- Record extracts

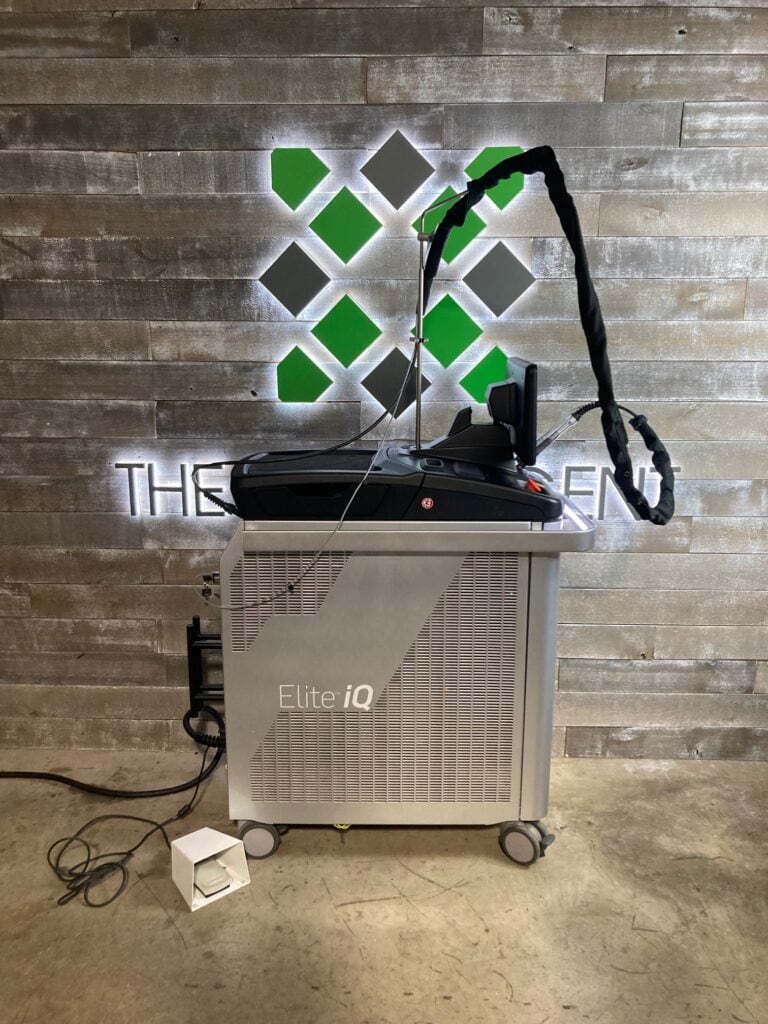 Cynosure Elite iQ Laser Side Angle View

==

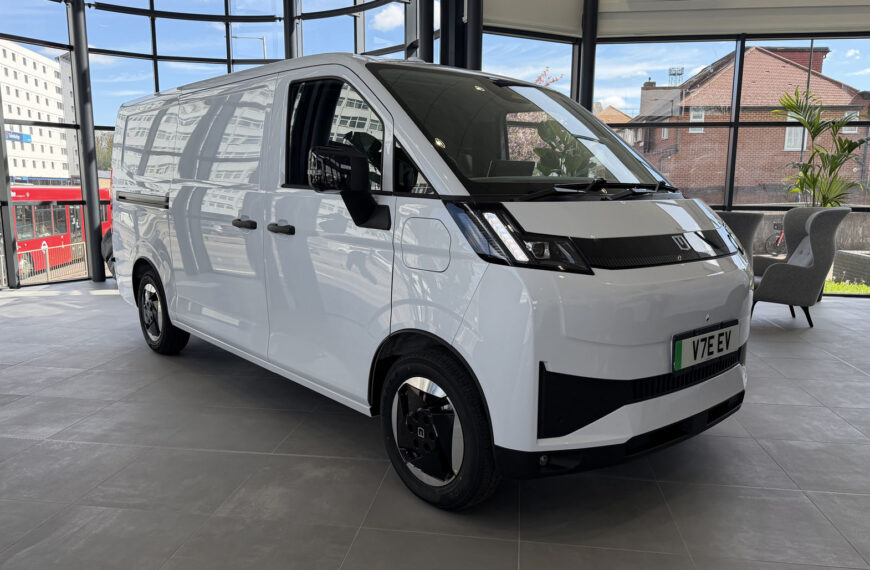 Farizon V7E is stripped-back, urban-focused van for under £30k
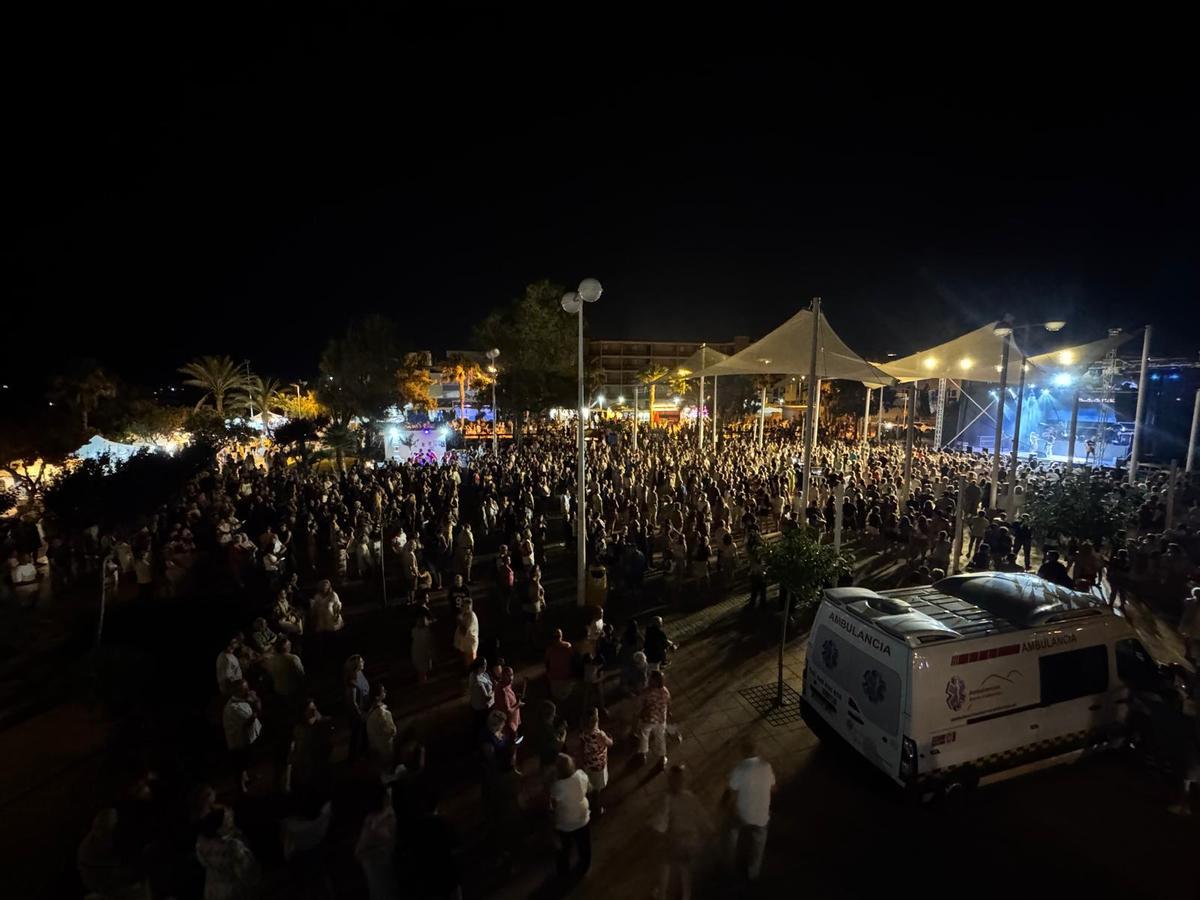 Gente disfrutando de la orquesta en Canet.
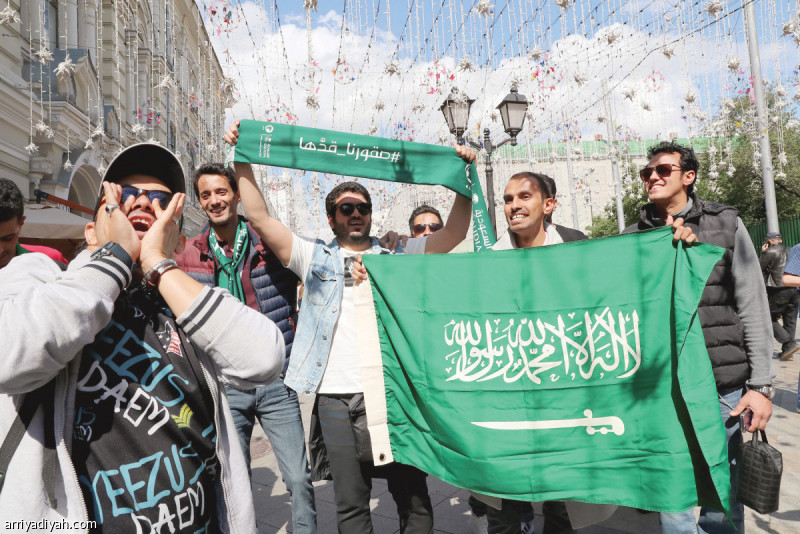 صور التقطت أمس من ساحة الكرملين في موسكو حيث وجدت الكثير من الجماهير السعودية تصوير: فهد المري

- Problem to work on
Using the listing above, repeat word for word each line from the one with "Farizon V7E is" down to the one with "صور التقطت أمس", both included. Omit all pictures.

- The answer
 Farizon V7E is stripped-back, urban-focused van for under £30k
 Gente disfrutando de la orquesta en Canet.
 صور التقطت أمس من ساحة الكرملين في موسكو حيث وجدت الكثير من الجماهير السعودية تصوير: فهد المري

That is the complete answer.